*** Data provided

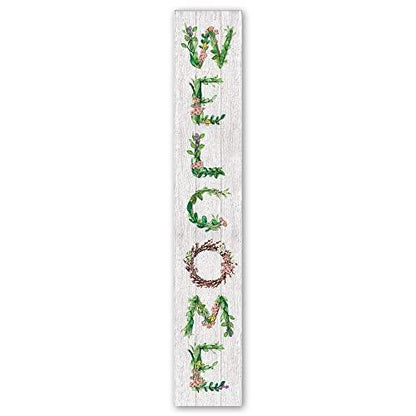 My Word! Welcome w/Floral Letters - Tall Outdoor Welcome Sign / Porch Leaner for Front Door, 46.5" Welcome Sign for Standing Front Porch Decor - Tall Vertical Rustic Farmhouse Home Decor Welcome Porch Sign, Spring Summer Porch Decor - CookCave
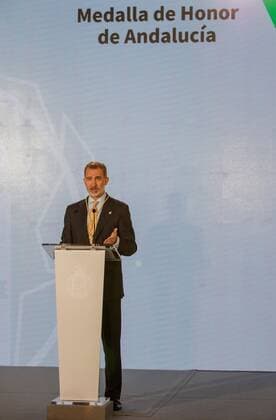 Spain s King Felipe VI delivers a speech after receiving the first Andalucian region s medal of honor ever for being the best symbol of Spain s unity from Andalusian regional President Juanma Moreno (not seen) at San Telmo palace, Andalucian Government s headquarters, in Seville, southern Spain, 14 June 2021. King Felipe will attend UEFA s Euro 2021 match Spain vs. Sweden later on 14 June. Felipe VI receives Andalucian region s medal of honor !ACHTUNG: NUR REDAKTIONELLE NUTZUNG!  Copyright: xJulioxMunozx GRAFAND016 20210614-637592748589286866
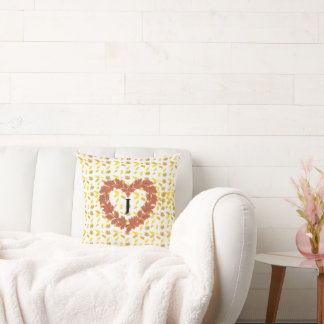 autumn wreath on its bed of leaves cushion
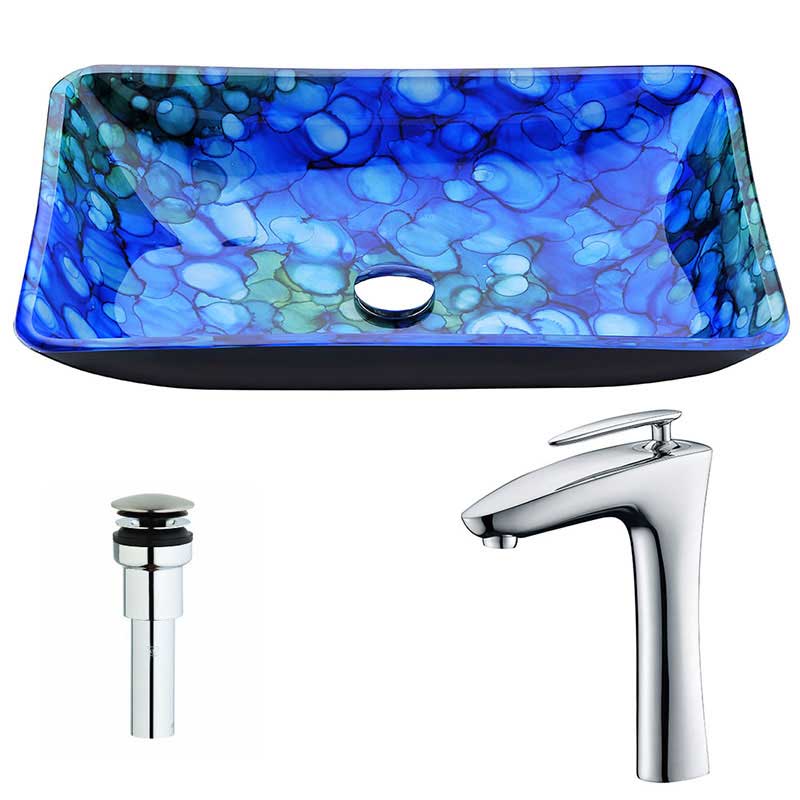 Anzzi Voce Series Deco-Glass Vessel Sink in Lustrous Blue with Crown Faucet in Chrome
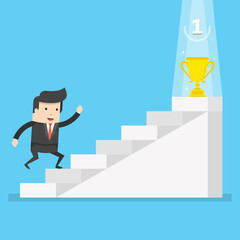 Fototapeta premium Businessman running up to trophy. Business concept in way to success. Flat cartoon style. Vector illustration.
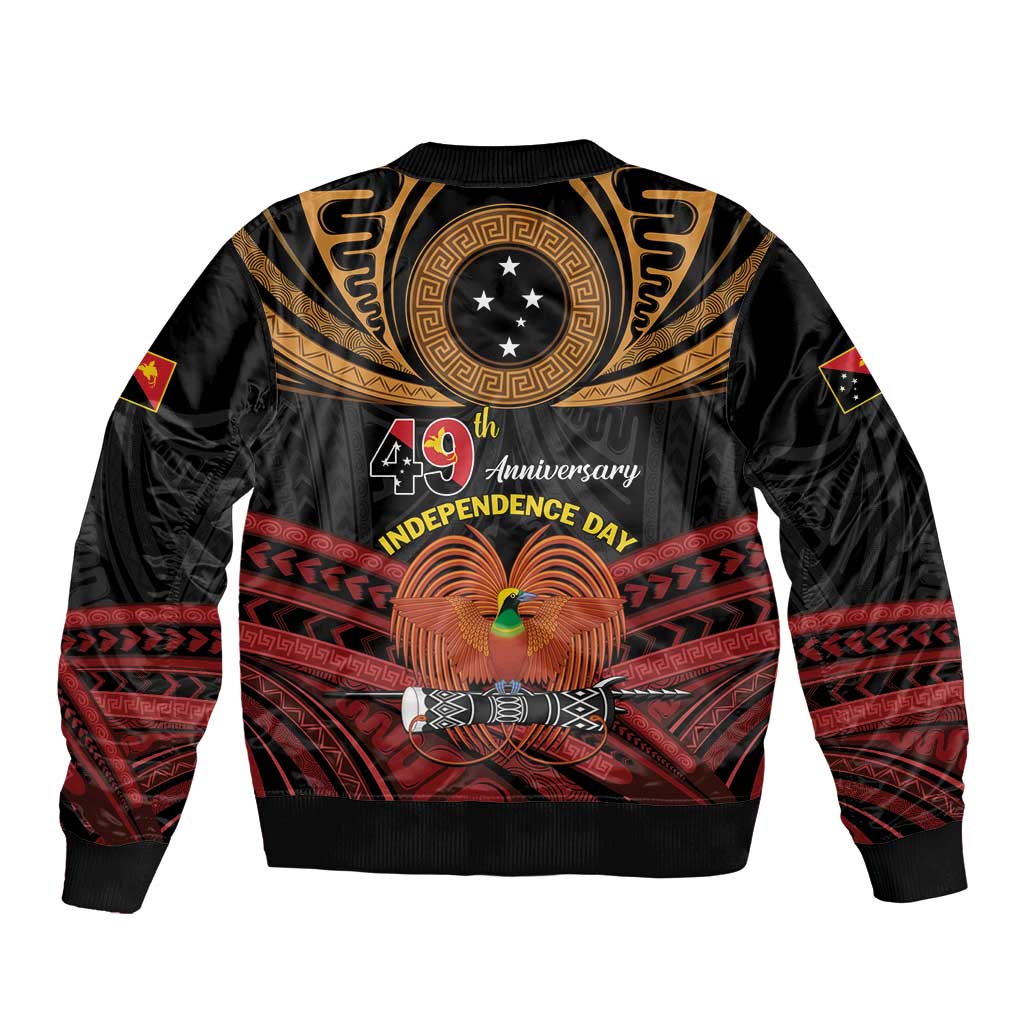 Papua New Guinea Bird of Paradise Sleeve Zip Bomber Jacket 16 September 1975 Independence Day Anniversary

******

Reproduce the entire listing above precisely, but keep the images out.

 My Word! Welcome w/Floral Letters - Tall Outdoor Welcome Sign / Porch Leaner for Front Door, 46.5" Welcome Sign for Standing Front Porch Decor - Tall Vertical Rustic Farmhouse Home Decor Welcome Porch Sign, Spring Summer Porch Decor - CookCave
 Spain s King Felipe VI delivers a speech after receiving the first Andalucian region s medal of honor ever for being the best symbol of Spain s unity from Andalusian regional President Juanma Moreno (not seen) at San Telmo palace, Andalucian Government s headquarters, in Seville, southern Spain, 14 June 2021. King Felipe will attend UEFA s Euro 2021 match Spain vs. Sweden later on 14 June. Felipe VI receives Andalucian region s medal of honor !ACHTUNG: NUR REDAKTIONELLE NUTZUNG!  Copyright: xJulioxMunozx GRAFAND016 20210614-637592748589286866
 autumn wreath on its bed of leaves cushion
 Anzzi Voce Series Deco-Glass Vessel Sink in Lustrous Blue with Crown Faucet in Chrome
 Fototapeta premium Businessman running up to trophy. Business concept in way to success. Flat cartoon style. Vector illustration.
 Papua New Guinea Bird of Paradise Sleeve Zip Bomber Jacket 16 September 1975 Independence Day Anniversary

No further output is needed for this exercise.